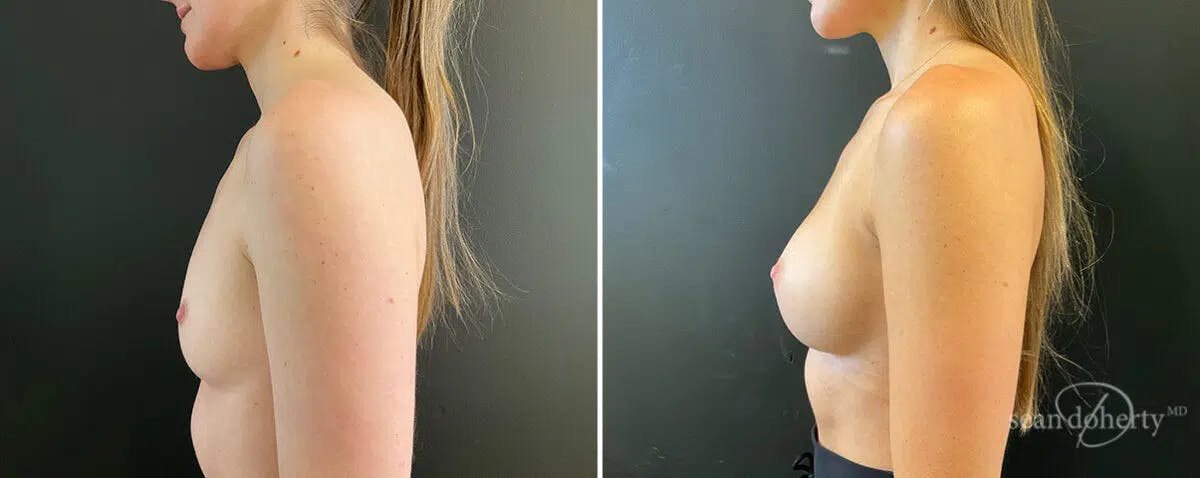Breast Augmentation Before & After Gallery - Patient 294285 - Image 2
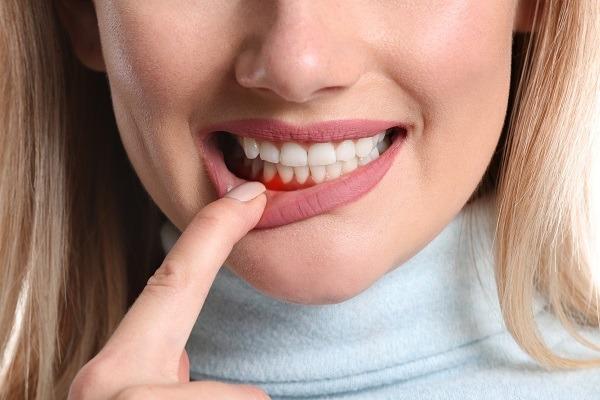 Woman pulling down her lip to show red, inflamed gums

++++++++++

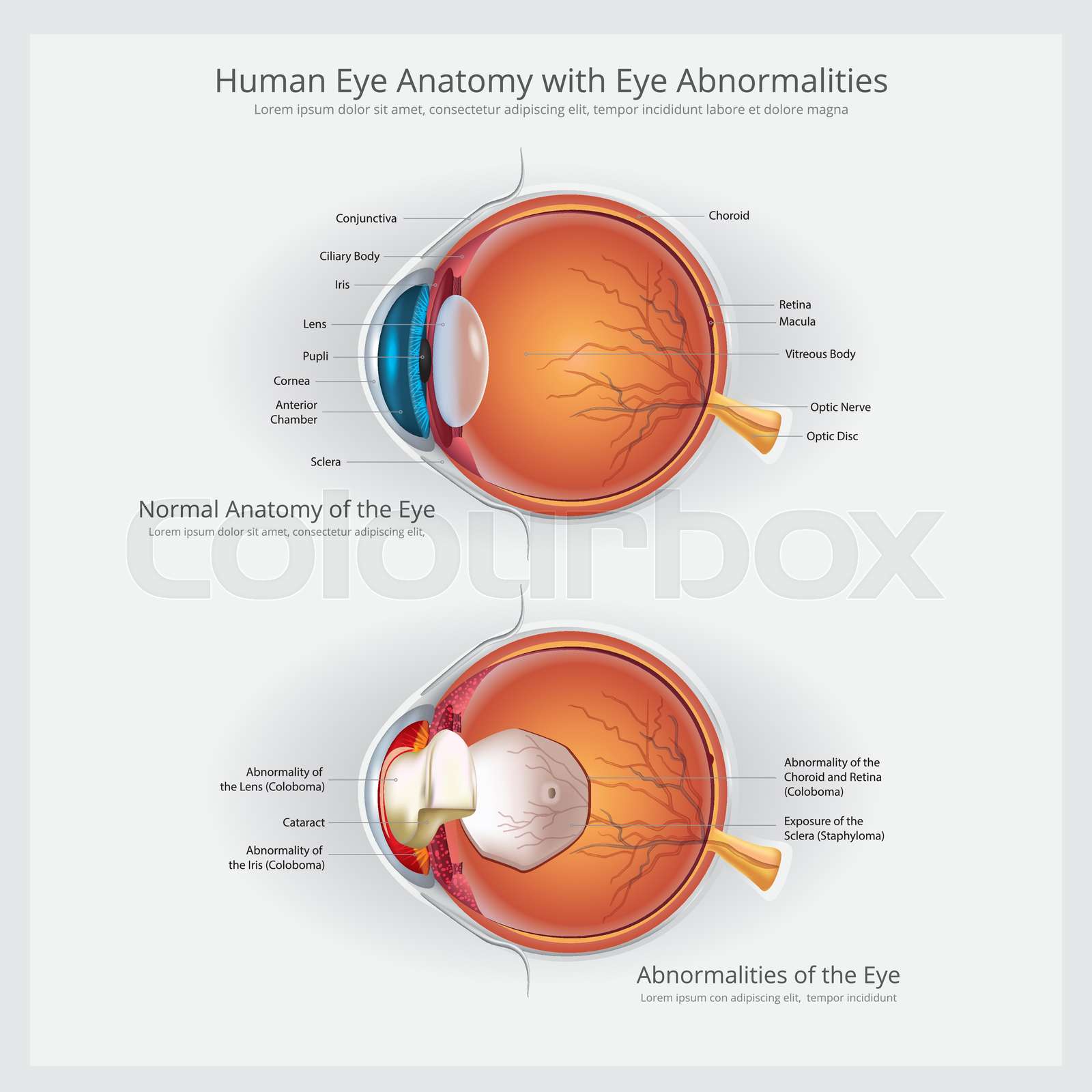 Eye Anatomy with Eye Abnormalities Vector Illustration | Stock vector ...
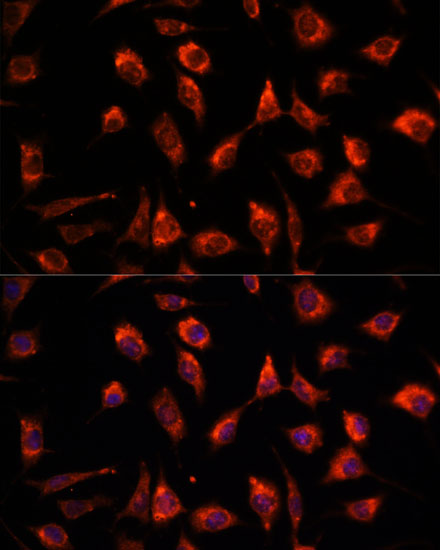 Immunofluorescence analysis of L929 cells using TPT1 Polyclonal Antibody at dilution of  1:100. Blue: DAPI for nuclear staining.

++++++++++

■ Exercise
Above are some records. Reproduce the lines from the one with "Breast Augmentation Before" down to the one with "Woman pulling down", keeping both, and leave every picture out.

■ Response for this exercise
Breast Augmentation Before & After Gallery - Patient 294285 - Image 2
 Woman pulling down her lip to show red, inflamed gums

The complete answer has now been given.